Jika Kartini dulu memperjuangkan kewenangan wanita untuk belajar, salah satu wajah perjuangan itu hari ini adalah kewenangan untuk belajar tanpa dibebani rasa takut.
Sayangnya, nan sering terjadi justru sebaliknya. Beban untuk tetap selamat diam-diam tetap diletakkan di pundak wanita sendiri: mereka diminta berhati-hati, menjaga sikap, menjaga pakaian, menjaga langkah bicara, dan menjaga jarak. Seolah-olah keselamatan wanita berjuntai terutama pada kewaspadaan mereka, bukan pada tanggung jawab lembaga untuk melindungi.
Seperti diingatkan Bell Hooks dalam Teaching to Transgress (1994), pendidikan semestinya menjadi praktik kebebasan. Karena itu, ketika kampus justru membikin wanita belajar dalam rasa takut, dia sedang mengingkari makna paling dasar dari pendidikan itu sendiri. Karena itu, kampus tidak boleh terus-menerus membiarkan wanita menyesuaikan diri dengan rasa takut.
Yang kudu dibangun adalah sistem pencegahan nan kuat. Sejak awal, kampus perlu menanamkan pesan nan jelas bahwa pelecehan seksual dan kekerasan seksual tidak ditoleransi dalam corak apa pun.
Mahasiswa baru kudu diperkenalkan pada etika pergaulan, persetujuan, dan batas-batas nan tidak boleh dilanggar. Sejak pertama melangkahkan kaki ke kampus pilihannya, setiap mahasiswa kudu tahu bahwa tempat itu tidak mentolerir kekerasan dan pelecehan seksual.
Dosen, pembimbing besar, dan tenaga kependidikan kudu ikut terlibat membangun budaya hormat terhadap perempuan. Organisasi mahasiswa pun kudu menjadi bagian dari penjagaan ruang aman, bukan malah ikut menormalkan bahasa dan perilaku nan merendahkan perempuan.

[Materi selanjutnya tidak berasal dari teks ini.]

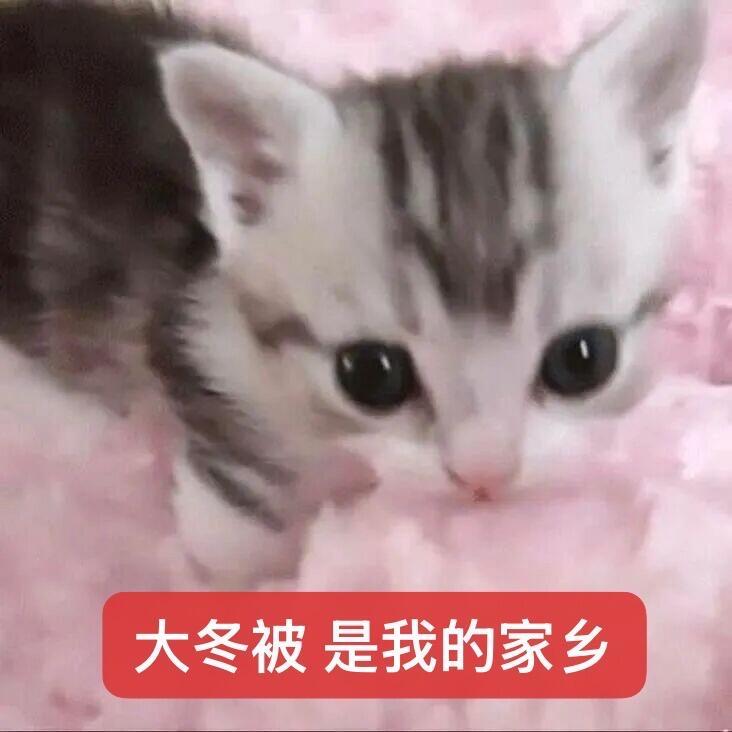 糊糊小猫表情包金秋壁纸大放送 ​​​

Pencegahan tidak boleh dijalankan sebagai formalitas administratif alias sekadar memenuhi tanggungjawab regulasi. Ia kudu menjadi disiplin nilai dalam kehidupan kampus. Artinya, kampus tidak cukup hanya bereaksi ketika kasus viral, tetapi juga kudu bekerja sejak awal untuk memastikan wanita muda dapat belajar tanpa rasa waswas. Di situlah, menurut saya, penghormatan kepada Kartini hari ini betul-betul diuji.
Penutup
Tidak ada artinya merayakan Kartini dengan poster, seminar, alias kutipan-kutipan bagus tentang emansipasi jika kampus belum kondusif bagi perempuan. Merayakan Kartini baru sungguh berarti; ketika kampus tidak hanya membuka pintu pendidikan bagi perempuan, tetapi juga melindungi martabat, suara, dan keselamatan mereka di dalamnya. Selama itu belum terwujud, terang belum sungguh datang di bumi pendidikan.
Kita hanya merayakan Kartini—tanpa sungguh-sungguh melanjutkan perjuangannya!